The trial court found that the connection between left ventricular dysfunction and an infant’s vulnerability to pulmonary edema when given nitric oxide is an ineligible law of nature, and that administering nitric oxide only when left ventricular dysfunction is absent is not “substantially more” than recognizing the connection, because nitric oxide is a conventional and well-understood treatment for hypoxia. The court found that echocardiography as the method of detecting left ventricular dysfunction did not add “substantially more” to the claim, either, because echocardiography was also a conventional and well-understood way to detect left ventricular dysfunction.

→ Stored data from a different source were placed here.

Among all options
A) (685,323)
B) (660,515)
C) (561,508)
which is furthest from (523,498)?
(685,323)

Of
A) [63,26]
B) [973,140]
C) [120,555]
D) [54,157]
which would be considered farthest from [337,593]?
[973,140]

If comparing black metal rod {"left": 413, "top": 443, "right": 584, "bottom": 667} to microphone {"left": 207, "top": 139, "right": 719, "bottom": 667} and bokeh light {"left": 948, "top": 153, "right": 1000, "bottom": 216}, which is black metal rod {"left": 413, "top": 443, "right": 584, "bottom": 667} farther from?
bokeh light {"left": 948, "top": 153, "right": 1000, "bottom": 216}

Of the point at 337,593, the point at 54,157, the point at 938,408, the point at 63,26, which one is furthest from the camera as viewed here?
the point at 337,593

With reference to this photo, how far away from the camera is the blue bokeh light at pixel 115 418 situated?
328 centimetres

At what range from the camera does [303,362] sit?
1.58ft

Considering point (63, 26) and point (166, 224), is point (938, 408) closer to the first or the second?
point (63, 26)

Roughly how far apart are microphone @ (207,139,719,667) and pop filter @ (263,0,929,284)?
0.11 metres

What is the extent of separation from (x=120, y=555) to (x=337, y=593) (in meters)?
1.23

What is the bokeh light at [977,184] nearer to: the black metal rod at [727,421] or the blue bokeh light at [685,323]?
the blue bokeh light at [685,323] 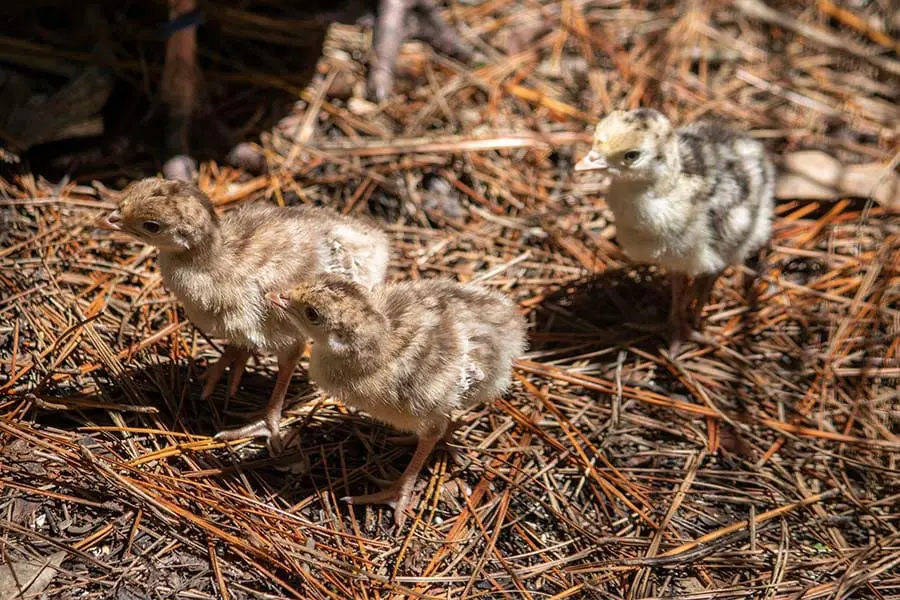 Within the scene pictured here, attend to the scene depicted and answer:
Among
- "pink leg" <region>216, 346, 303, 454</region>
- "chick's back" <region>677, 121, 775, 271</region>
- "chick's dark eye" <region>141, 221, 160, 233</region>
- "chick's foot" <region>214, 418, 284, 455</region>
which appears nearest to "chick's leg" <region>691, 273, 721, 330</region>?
"chick's back" <region>677, 121, 775, 271</region>

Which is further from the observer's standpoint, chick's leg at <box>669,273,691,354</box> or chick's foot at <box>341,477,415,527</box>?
chick's leg at <box>669,273,691,354</box>

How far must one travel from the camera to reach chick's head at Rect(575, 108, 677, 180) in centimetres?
359

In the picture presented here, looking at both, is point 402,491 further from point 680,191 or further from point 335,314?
point 680,191

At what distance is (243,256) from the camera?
3.17m

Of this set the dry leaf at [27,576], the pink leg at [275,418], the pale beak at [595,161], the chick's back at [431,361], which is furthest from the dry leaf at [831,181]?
the dry leaf at [27,576]

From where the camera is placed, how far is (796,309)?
14.0 ft

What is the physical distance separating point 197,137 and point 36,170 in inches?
31.5

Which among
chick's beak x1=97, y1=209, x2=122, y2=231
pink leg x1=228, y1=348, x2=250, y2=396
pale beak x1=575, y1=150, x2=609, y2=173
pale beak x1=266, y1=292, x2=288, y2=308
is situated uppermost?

Oddly, the court in Mallinckrodt neither cited nor considered Classen. Although it cited Cleveland Clinic, the important distinction between the claims that included the treatment step and those with only the diagnosis step was not discussed or even recognized. This decision then appears to conflict with Classen, and without any analysis of Classen in Mallinckrodt it can only be guessed why the two decisions diverge (apart from the usual lack of judicial consistency when it comes to patent eligibility). In Classen the immunizations, while claimed at a high level of generality, were administered according to a new and unconventional schedule. In Mallinckrodt, a known treatment (nitric oxide) was claimed to be withheld from a certain population of patients, which was new and unconventional. In both cases the drugs themselves were well-known, but the pattern of whether and when to administer the drugs was not. One distinction between the inventions in these cases is that Mallinckrodt involved a binary decision to “administer or not administer” the drug, while Classen involved chronologically scheduling the administration of the drug. If the lesson of Mallinckrodt is that providing or withholding a given treatment based on a diagnosis is not “significantly more” than the treatment itself, then it conflicts with the USPTO’s public guidance in the MPEP and the Life Sciences Examples.

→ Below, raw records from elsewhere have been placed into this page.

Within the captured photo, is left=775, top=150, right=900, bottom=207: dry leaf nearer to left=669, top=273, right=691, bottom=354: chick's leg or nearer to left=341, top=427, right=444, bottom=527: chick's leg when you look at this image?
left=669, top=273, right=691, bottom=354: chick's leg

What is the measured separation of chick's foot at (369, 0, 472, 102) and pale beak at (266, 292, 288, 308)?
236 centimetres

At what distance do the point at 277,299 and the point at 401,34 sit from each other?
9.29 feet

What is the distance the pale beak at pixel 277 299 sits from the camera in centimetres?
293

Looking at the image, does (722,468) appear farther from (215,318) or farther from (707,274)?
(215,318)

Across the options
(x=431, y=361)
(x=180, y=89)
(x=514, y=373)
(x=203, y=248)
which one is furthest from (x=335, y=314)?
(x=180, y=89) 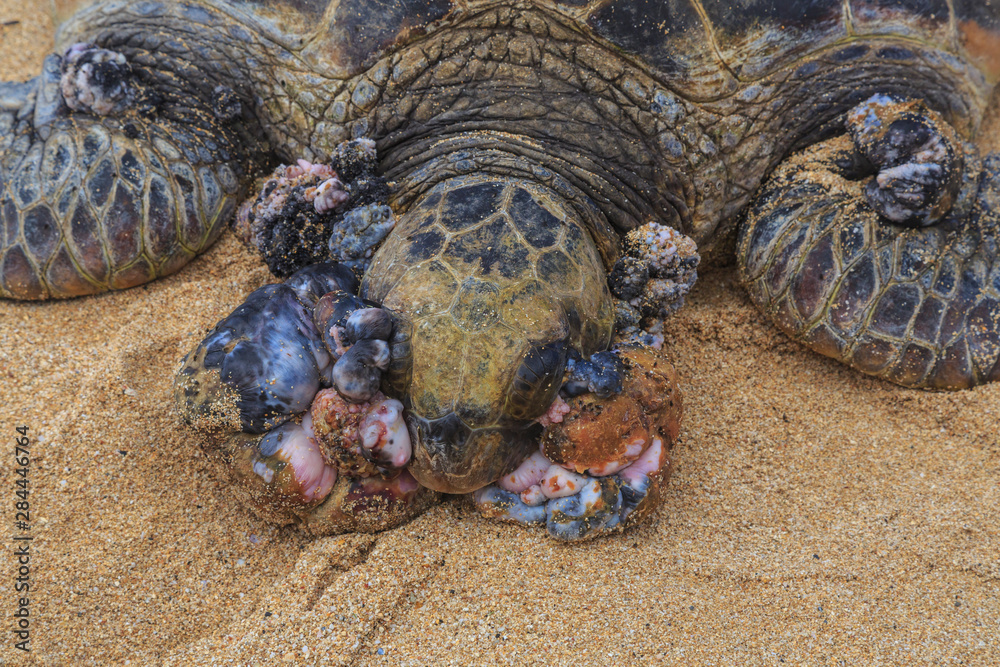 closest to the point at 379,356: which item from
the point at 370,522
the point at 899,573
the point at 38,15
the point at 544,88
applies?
the point at 370,522

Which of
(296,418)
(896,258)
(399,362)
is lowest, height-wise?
(296,418)

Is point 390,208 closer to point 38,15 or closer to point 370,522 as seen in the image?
point 370,522

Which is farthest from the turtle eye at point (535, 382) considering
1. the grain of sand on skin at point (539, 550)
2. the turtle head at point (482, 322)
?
the grain of sand on skin at point (539, 550)

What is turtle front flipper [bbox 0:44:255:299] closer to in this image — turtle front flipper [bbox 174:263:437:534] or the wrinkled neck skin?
the wrinkled neck skin

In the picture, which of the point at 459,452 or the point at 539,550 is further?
the point at 539,550

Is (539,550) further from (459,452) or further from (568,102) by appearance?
(568,102)

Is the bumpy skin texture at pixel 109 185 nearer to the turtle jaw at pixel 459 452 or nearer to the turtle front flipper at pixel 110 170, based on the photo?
the turtle front flipper at pixel 110 170

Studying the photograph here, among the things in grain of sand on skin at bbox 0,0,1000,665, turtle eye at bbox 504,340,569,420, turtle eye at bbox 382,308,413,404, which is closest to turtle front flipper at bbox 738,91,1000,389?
grain of sand on skin at bbox 0,0,1000,665

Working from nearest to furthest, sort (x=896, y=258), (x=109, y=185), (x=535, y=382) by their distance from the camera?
(x=535, y=382) < (x=896, y=258) < (x=109, y=185)

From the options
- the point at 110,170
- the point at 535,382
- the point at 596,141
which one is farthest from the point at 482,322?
the point at 110,170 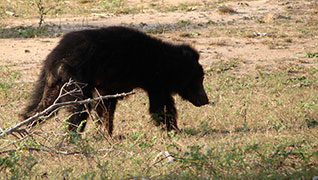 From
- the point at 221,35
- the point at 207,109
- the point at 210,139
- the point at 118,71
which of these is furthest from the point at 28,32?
the point at 210,139

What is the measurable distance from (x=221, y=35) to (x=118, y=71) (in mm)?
7508

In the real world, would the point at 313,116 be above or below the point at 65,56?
below

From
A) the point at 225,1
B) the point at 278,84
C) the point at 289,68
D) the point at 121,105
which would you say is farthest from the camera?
the point at 225,1

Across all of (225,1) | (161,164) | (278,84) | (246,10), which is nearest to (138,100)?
(278,84)

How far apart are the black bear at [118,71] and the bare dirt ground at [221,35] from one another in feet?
11.3

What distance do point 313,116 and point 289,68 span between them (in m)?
3.70

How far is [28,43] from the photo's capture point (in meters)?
12.4

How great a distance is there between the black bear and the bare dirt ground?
3448mm

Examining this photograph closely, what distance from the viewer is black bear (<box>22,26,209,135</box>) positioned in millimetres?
6324

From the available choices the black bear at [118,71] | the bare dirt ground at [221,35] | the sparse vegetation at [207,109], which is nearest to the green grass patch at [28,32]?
the sparse vegetation at [207,109]

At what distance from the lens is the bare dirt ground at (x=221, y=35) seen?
11.5 metres

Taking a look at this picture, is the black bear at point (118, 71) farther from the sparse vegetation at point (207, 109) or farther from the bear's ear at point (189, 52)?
the sparse vegetation at point (207, 109)

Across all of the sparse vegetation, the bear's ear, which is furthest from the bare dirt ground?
the bear's ear

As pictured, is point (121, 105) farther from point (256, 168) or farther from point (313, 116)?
point (256, 168)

Does Mallinckrodt Change Anything?

The trial court’s decision has been appealed to the U.S. Court of Appeals for the Federal Circuit, which is the appeals court with jurisdiction over all patent appeals. If the Federal Circuit adopts Mallinckrodt and abandons Classen, it will deal another significant blow to those developing advanced diagnostic methods. At the very least it would call into question the settled understanding of the public (and the officials at the USPTO) that methods of treatment tied to methods of diagnosis can still be patented. However, even if the decision in Mallinckrodt is affirmed, planning the funeral for American diagnostic patents may be premature. For those who value predictability in the application of the law, it may be hoped that the Federal Circuit will either reverse the decision in Mallinckrodt, or somehow reconcile these cases.